# What you need to do
Starting at the line that contains "Мужская футболка oversize 3D Judo - фото 2" and stopping after the line that contains "SP Infinity Monogram", transcribe the listing below exactly; do not include any pictures.

# Provided information
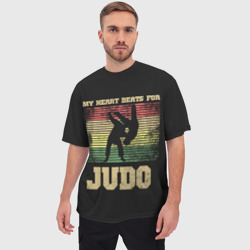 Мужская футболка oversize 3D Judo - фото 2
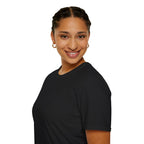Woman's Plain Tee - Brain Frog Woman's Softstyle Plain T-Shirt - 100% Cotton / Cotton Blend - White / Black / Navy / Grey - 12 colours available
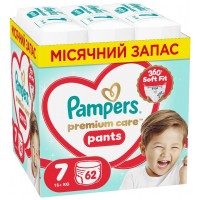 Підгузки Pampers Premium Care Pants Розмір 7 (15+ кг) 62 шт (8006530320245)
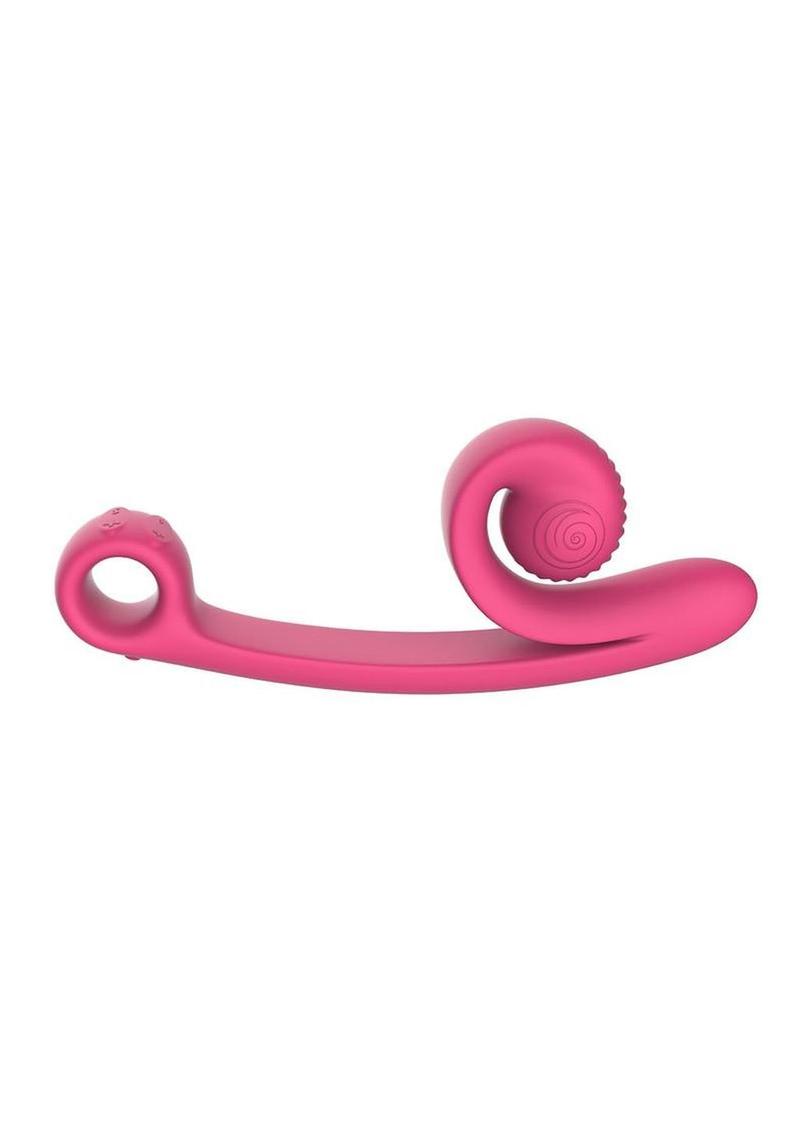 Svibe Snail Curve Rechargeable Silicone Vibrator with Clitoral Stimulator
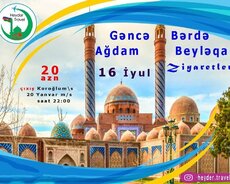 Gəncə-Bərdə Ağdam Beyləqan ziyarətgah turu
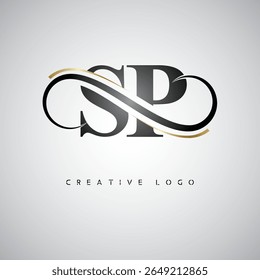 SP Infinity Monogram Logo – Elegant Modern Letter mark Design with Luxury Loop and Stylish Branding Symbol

==

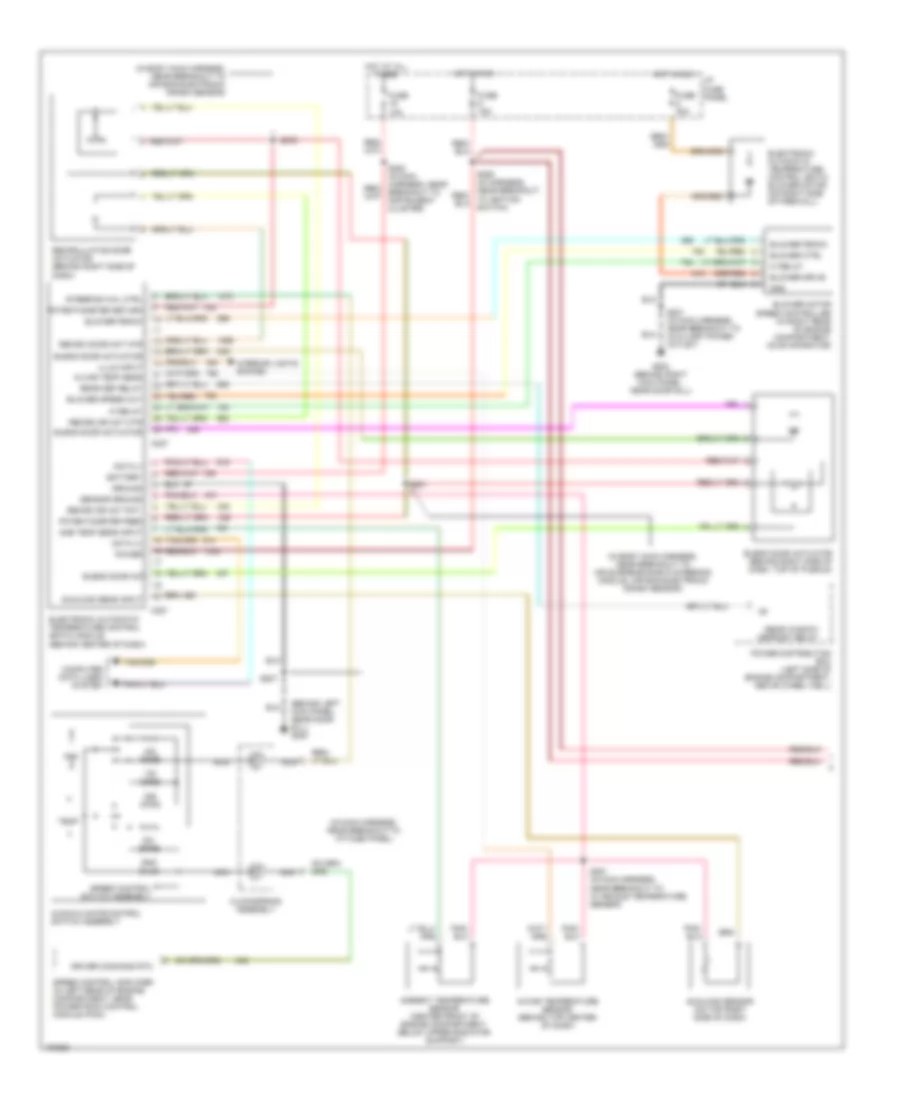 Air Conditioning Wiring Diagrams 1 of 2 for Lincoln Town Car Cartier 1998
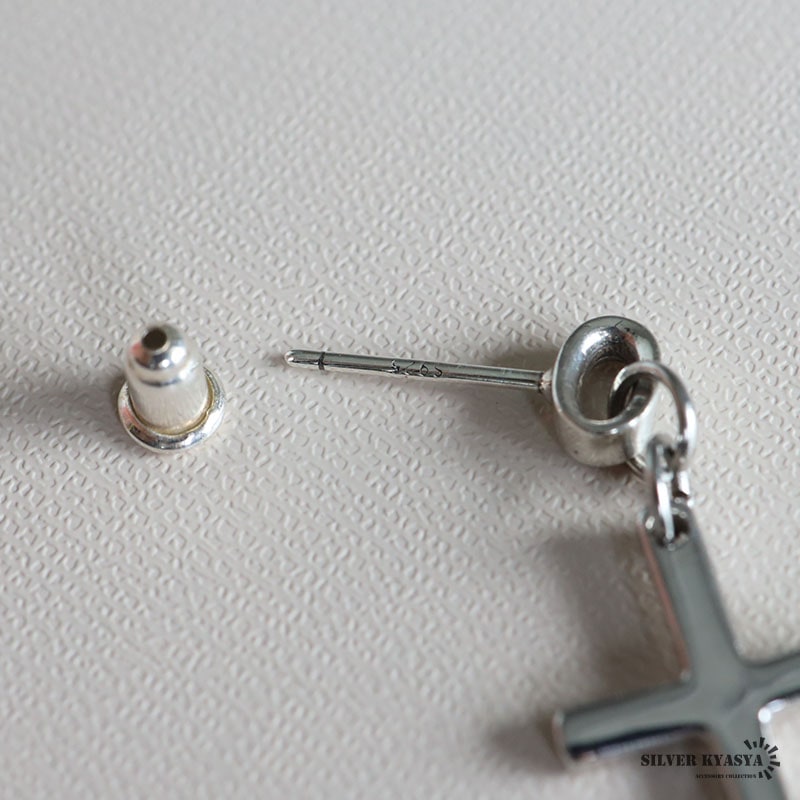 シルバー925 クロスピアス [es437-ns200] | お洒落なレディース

# Exercise answer
 Мужская футболка oversize 3D Judo - фото 2
Woman's Plain Tee - Brain Frog Woman's Softstyle Plain T-Shirt - 100% Cotton / Cotton Blend - White / Black / Navy / Grey - 12 colours available
 Підгузки Pampers Premium Care Pants Розмір 7 (15+ кг) 62 шт (8006530320245)
 Svibe Snail Curve Rechargeable Silicone Vibrator with Clitoral Stimulator
 Gəncə-Bərdə Ağdam Beyləqan ziyarətgah turu
 SP Infinity Monogram Logo – Elegant Modern Letter mark Design with Luxury Loop and Stylish Branding Symbol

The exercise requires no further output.